» **Exercise objective**:
Start at the line with "de México Baja" in the records below, stop at the line with "Madison, Wisconsin Pillow", and return every line in that span exactly, the two end lines included.

» **Input data**:
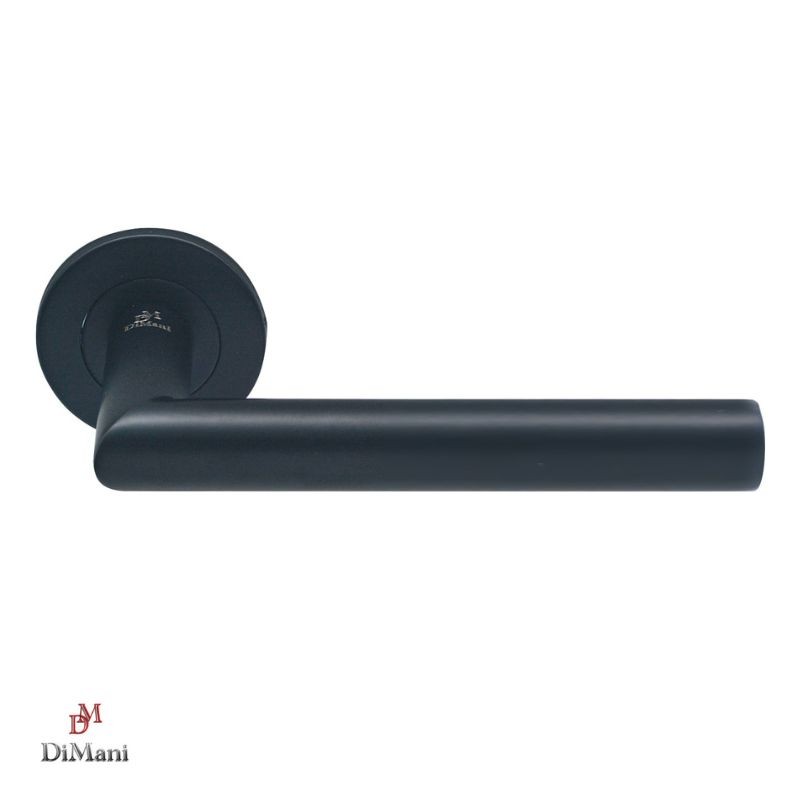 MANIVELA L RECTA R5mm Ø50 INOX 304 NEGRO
--
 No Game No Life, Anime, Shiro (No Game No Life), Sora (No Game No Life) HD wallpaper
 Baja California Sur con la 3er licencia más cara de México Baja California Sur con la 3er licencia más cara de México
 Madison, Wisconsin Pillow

» **Finished task**:
 Baja California Sur con la 3er licencia más cara de México Baja California Sur con la 3er licencia más cara de México
 Madison, Wisconsin Pillow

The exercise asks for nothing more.